Glossary

archival unit
AU

In the LOCKSS system, an archival unit, or AU, is an arbitrary collection of content preserved meaningfully together, such as a volume's worth of an academic journal, an e-book and all its related assets, a given collection of digitized materials, and similar.

Many LOCKSS functions operate at the AU level, such as LCAP polling/voting, Web crawls, metadata extraction, and more.
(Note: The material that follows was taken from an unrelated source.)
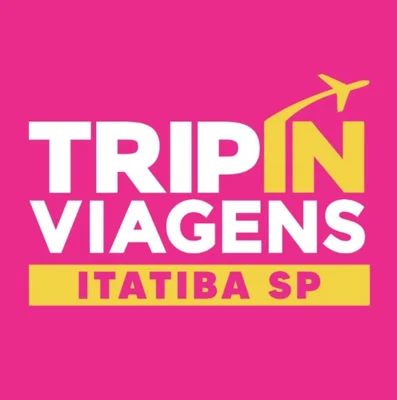 Agência de Viagens em Itatiba: Realize os Destinos dos Seus Sonhos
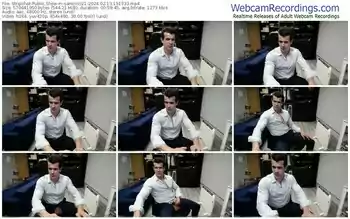 stripchat-samricci21-02-13-2024-19-13-33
Each AU handled by the system is referenced by its archival unit identifier or AUID.

The shape and definition of an AU is determined by the LOCKSS plugin that handles it.

archival unit identifier
AUID

The unique string identifier of a given archival unit handled by the LOCKSS system is called an archival unit identifier, or AUID.

The definition, and therefore AUID, of an AU is determined by the LOCKSS plugin that handles it.

configure-lockss

configure-lockss is a script in the LOCKSS Installer that configures the LOCKSS stack on your host system.

container

A software container, or simply a container, is a lightweight, narrow-purpose bundle of software code, its dependencies, and its environment, forming a virtual unit of software that can be run on a variety of host environments by a container orchestration system.

The LOCKSS system uses Docker containers.

container orchestration system

A container orchestration system is a software automation tool that configures, deploys and manages containers on a host system, providing them with a runtime environment and resources such as storage and networking, and assembling them like building blocks into cohesive software applications called stacks [1].

The LOCKSS system uses Kubernetes as its container orchestration system.

content storage

The LOCKSS stack's content storage is the storage space devoted to the content being preserved by the system, consisting of one or more content storage areas.

Content storage is one of three kinds of storage needed by the LOCKSS stack, together with system storage and operating storage.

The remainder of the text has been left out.